This charging company wants to reach electric vehicle drivers with digital displays

Volta, a company that makes charging stations for electric vehicles, wants to attract current drivers to those cars with educational ads running on its social media channels, website, and the OOH digital display platform Volta Media Network.

The ads are meant to sway drivers with benefits that might resonate, such as the cost savings of owning an electric vehicle (EV) or the effects on the clean environment. The ads will be periodically changed at charging stations in the United States among its 2,900 EV charging stalls and 4,900 digital media screens.

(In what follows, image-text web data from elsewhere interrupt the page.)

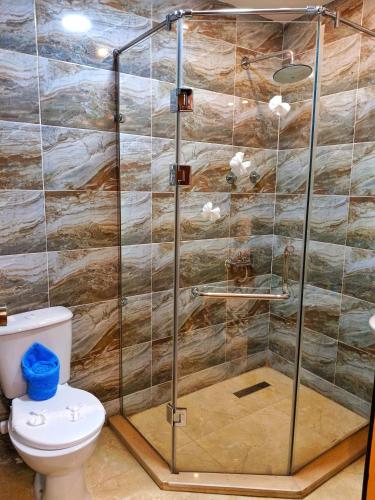 a shower stall with a toilet in a bathroom at Horus Pyramids Horizon INN in Cairo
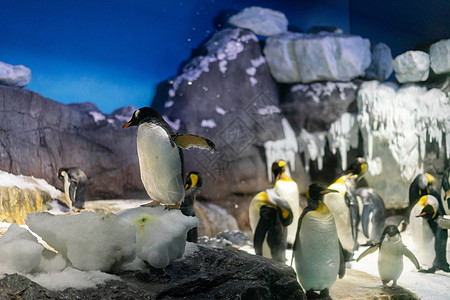 在大阪水族馆凯伊的 根托企鹅和金企鹅生活荒野岩石国王旅行海洋动物园眼睛野生动物金图图片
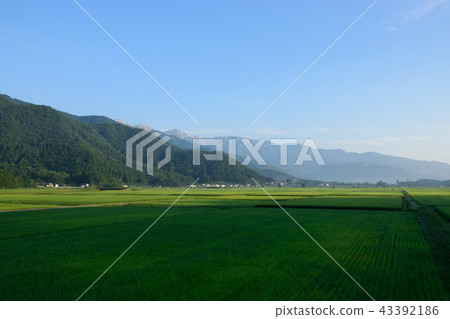 Hakuba in summer 43392186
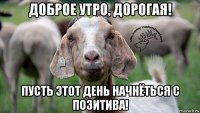 доброе утро, дорогая! пусть этот день начнёться с позитива!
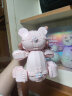 佳奇科技（JAKI）积木拼装泰迪熊模型兼容乐高小颗粒儿童玩具成人男女孩生日礼物 实拍图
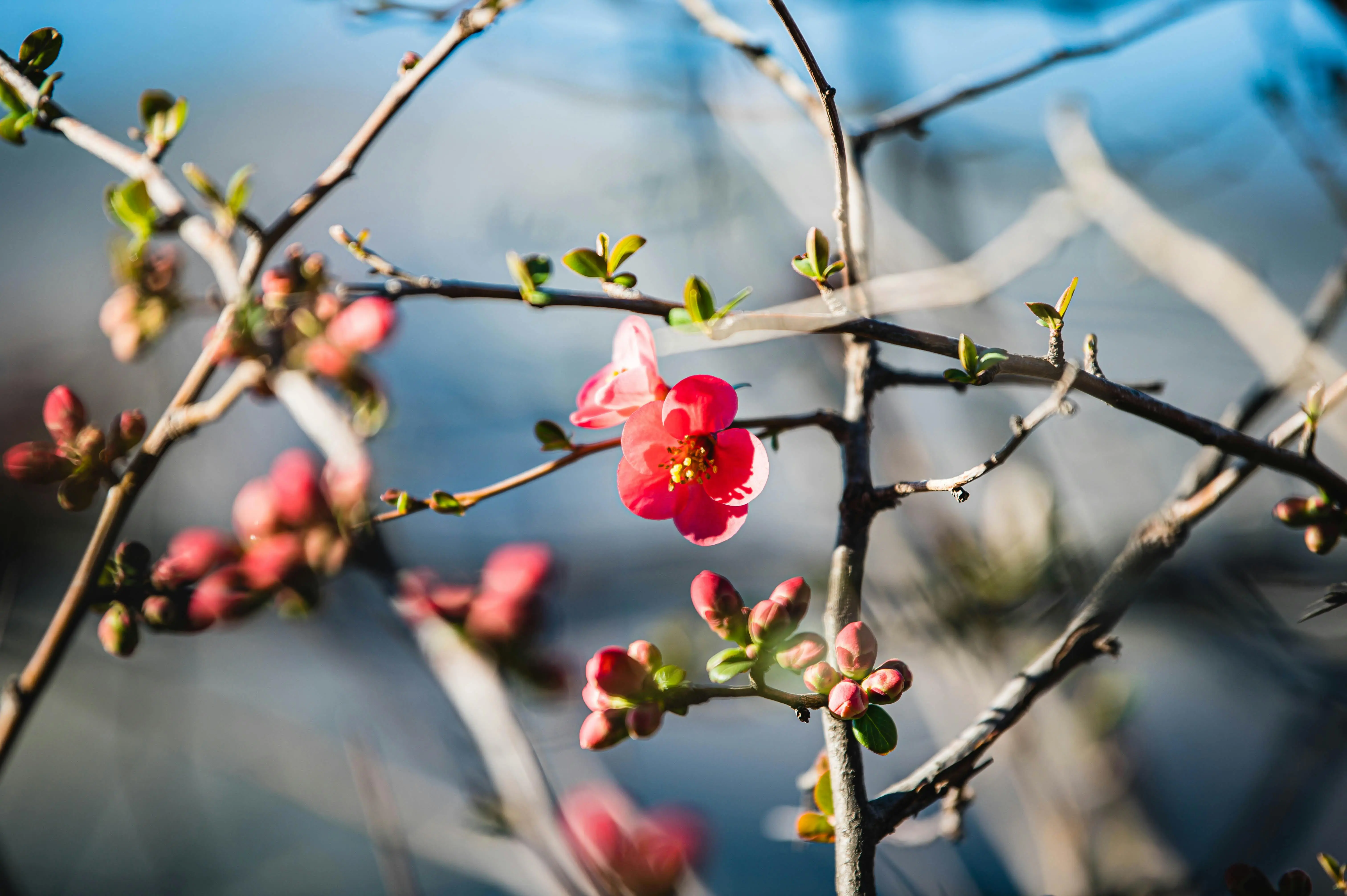 contemporary elegant tile styles Beautiful red flower blooming on branch during spring in Italy.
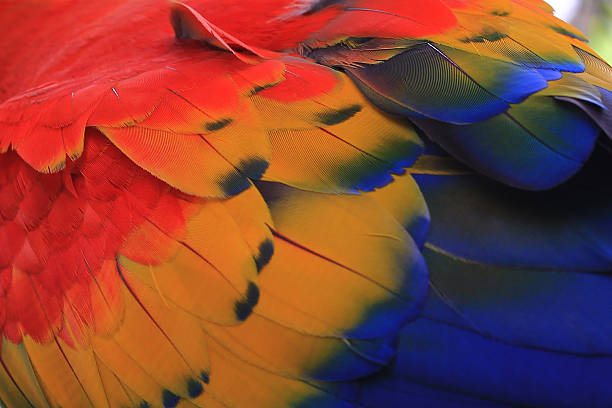 istock Beautiful bird feathers, Scarlet Macaw feathers pattern background 533913852
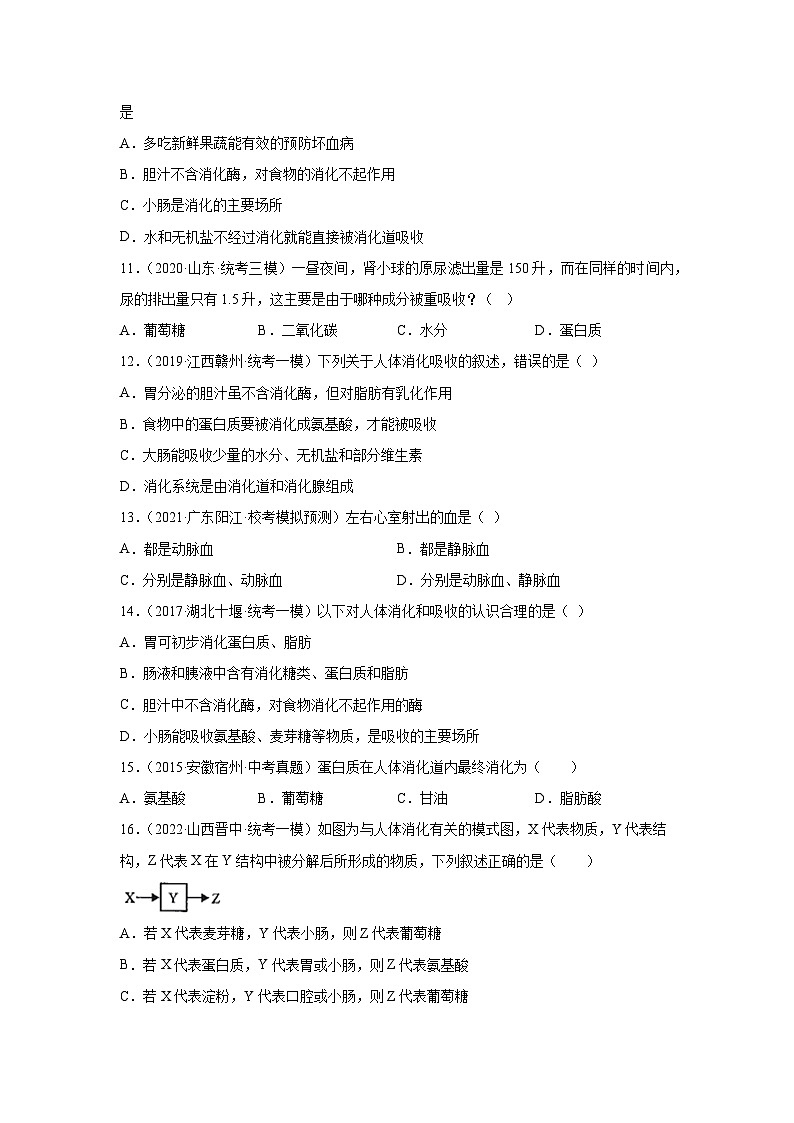 【期末模拟试卷】人教版七年级生物下学期期末测试卷02（原卷版）第3页
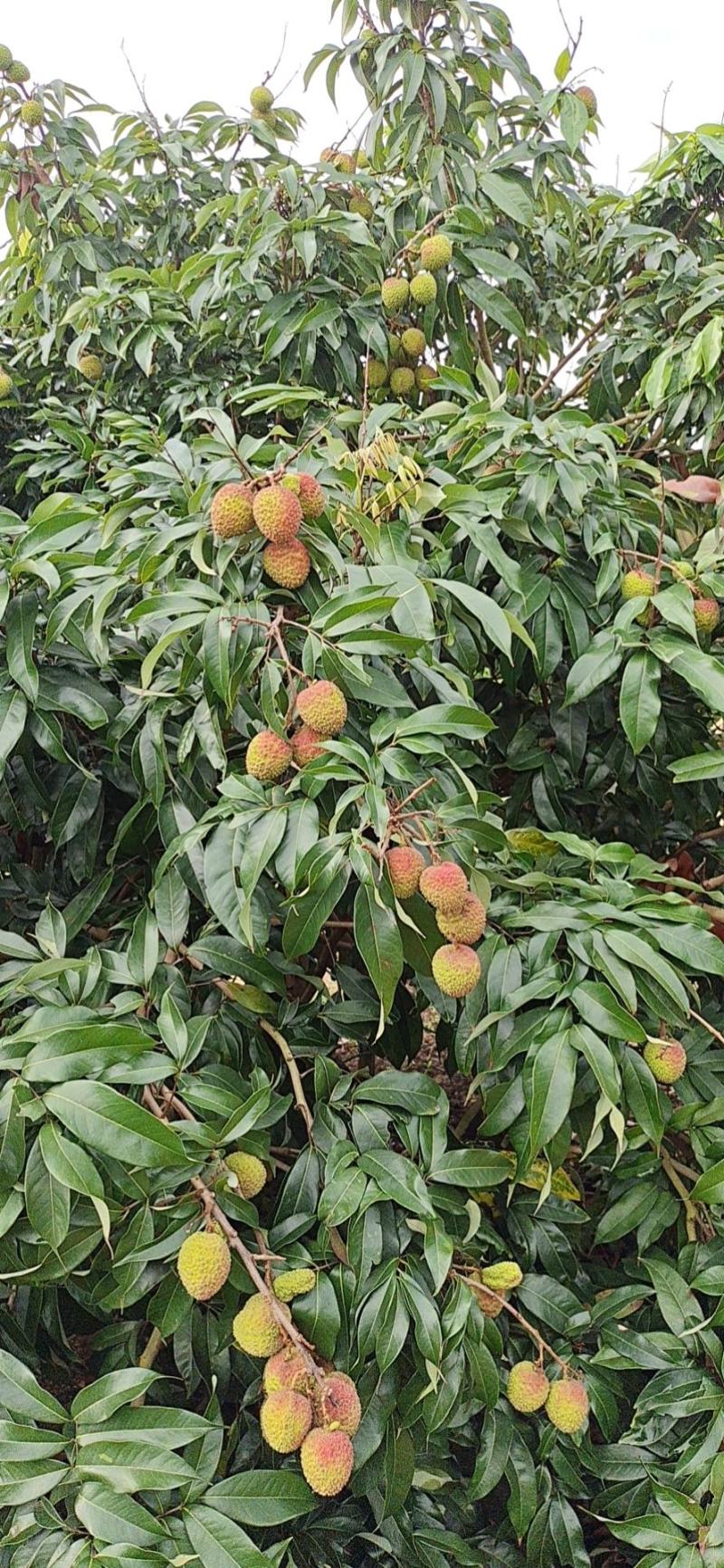 茂名电白产地大量荔枝货源直供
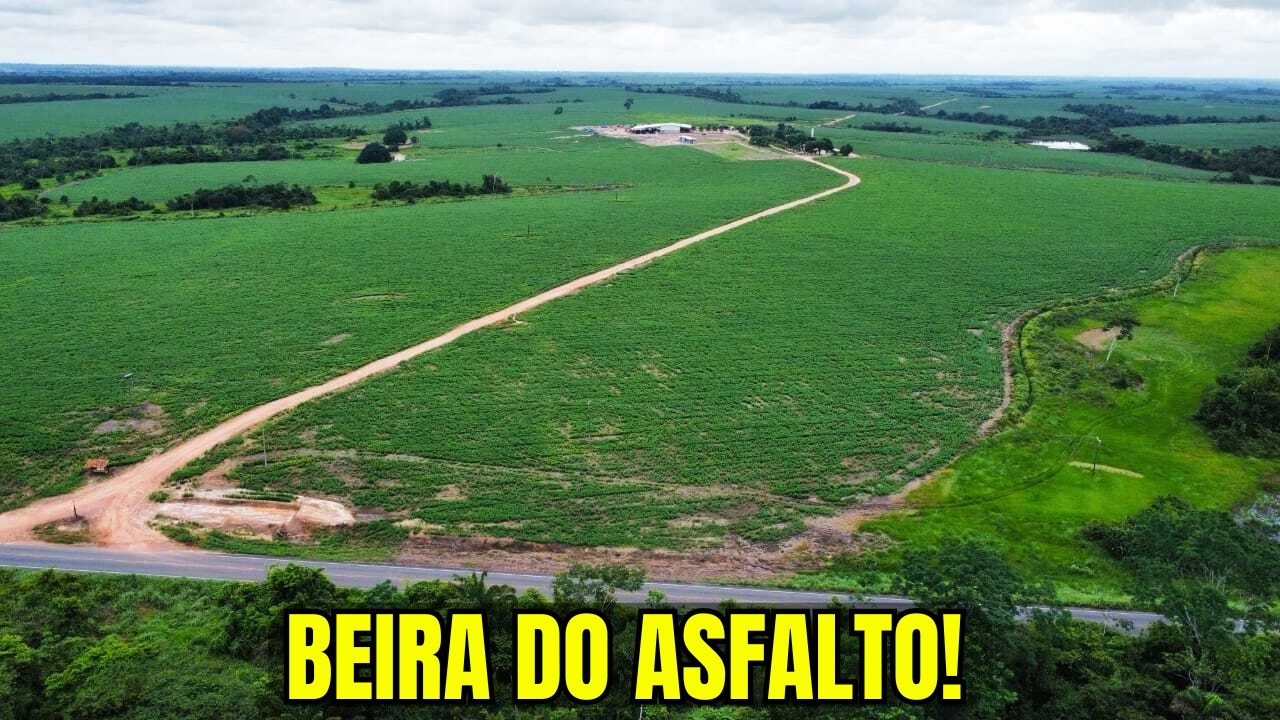 FAZENDA 5.300 HECTARES SANTA FÉ DO TOCANTINS | 3.000 HA DE LAVOURA | BEIRA DO ASFALTO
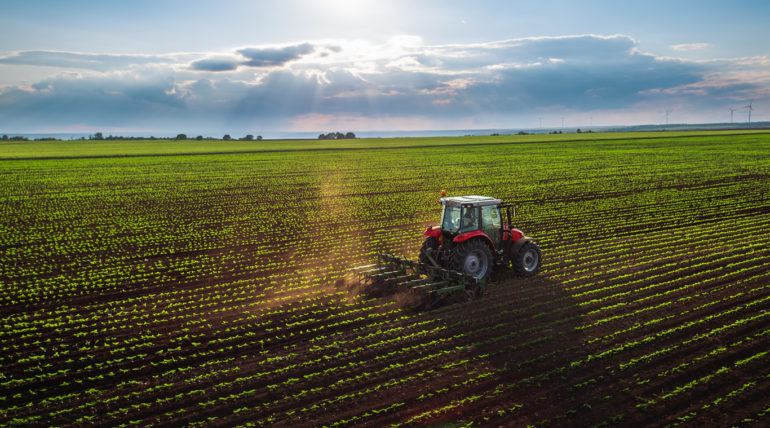 Condiciones climáticas favorables permiten retomar la cosecha agrícola en el centro del país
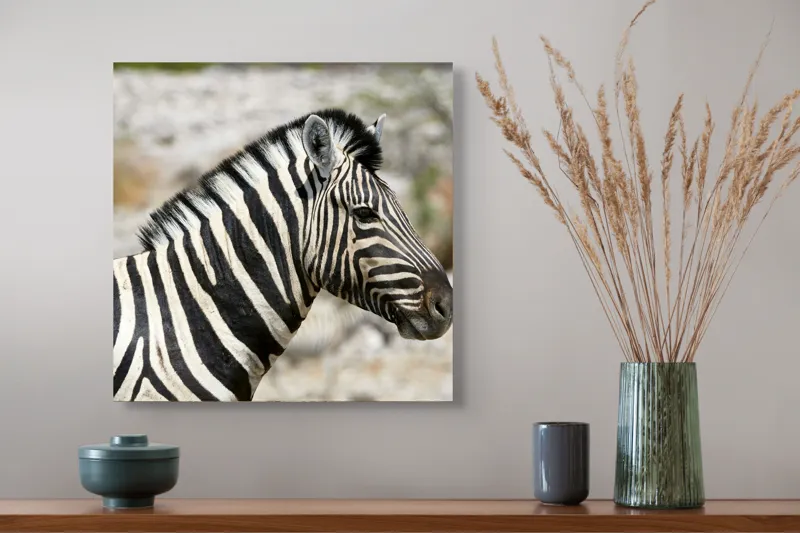Tablou Canvas, "Zebra în peisaj african sălbatic", 50 x 50 cm – poza 4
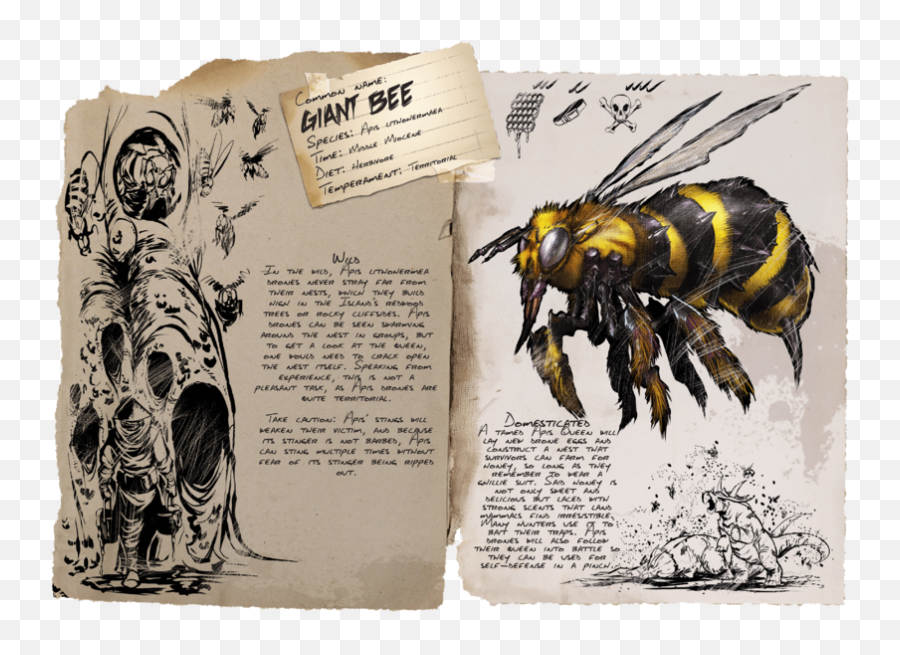 Survival - Ark Survival Evolved Giant Bee Png,Bee Png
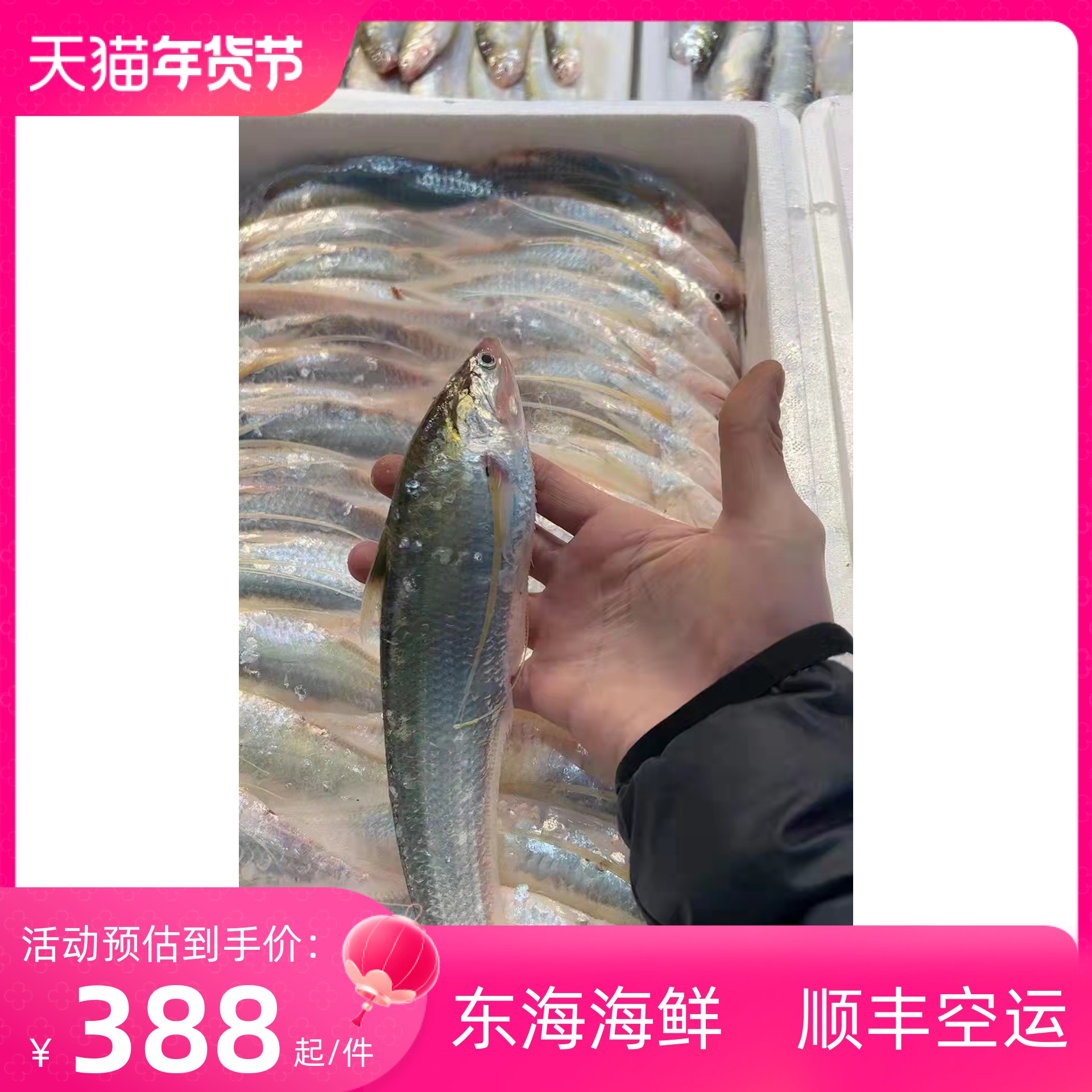 缔海海刀鱼500克上4条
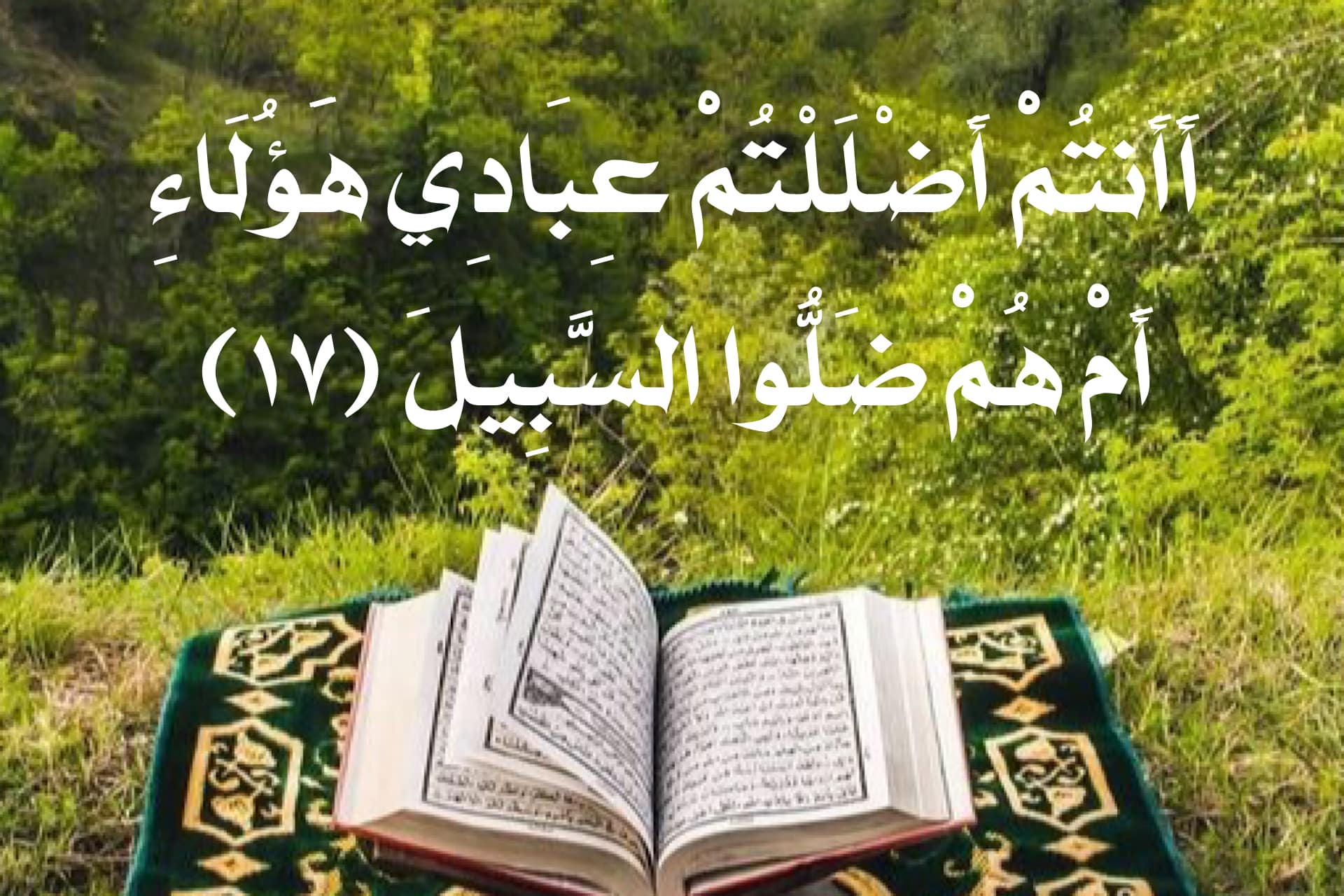 هل المقصود بكلمة عباداً في القرآن الكريم المؤمنين فقط ؟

The ads will change depending on geography and location.

“We recognize that cars are emotional, and Americans have personal and cultural attachments to them so this makes switching to new EV technology intimidating to many,” said Brandt Hastings, Volta’s chief commercial officer behind the marketing strategy. ”Our campaign had to appeal on an emotional level as well since it’s not just about facts and figures.”

As part of the brand’s marketing strategy, eye-catching EV chargers have also been placed at grocery stores, pharmacies, and shopping mall entrances. “With this campaign, we’re using the power of our Volta Media Network, which is embedded directly into our EV charging stations, to dispel myths and show all drivers why their next car should be an EV,” said Hastings.

Volta’s campaign is timely as momentum behind electric vehicles continues to gain steam. The campaign also launched on Volta’s Twitter and Instagram accounts. “We believe that all car owners will be EV drivers in the future, but to realize this future as quickly as possible, they must be able to see themselves behind the wheel of an EV,” said Hastings.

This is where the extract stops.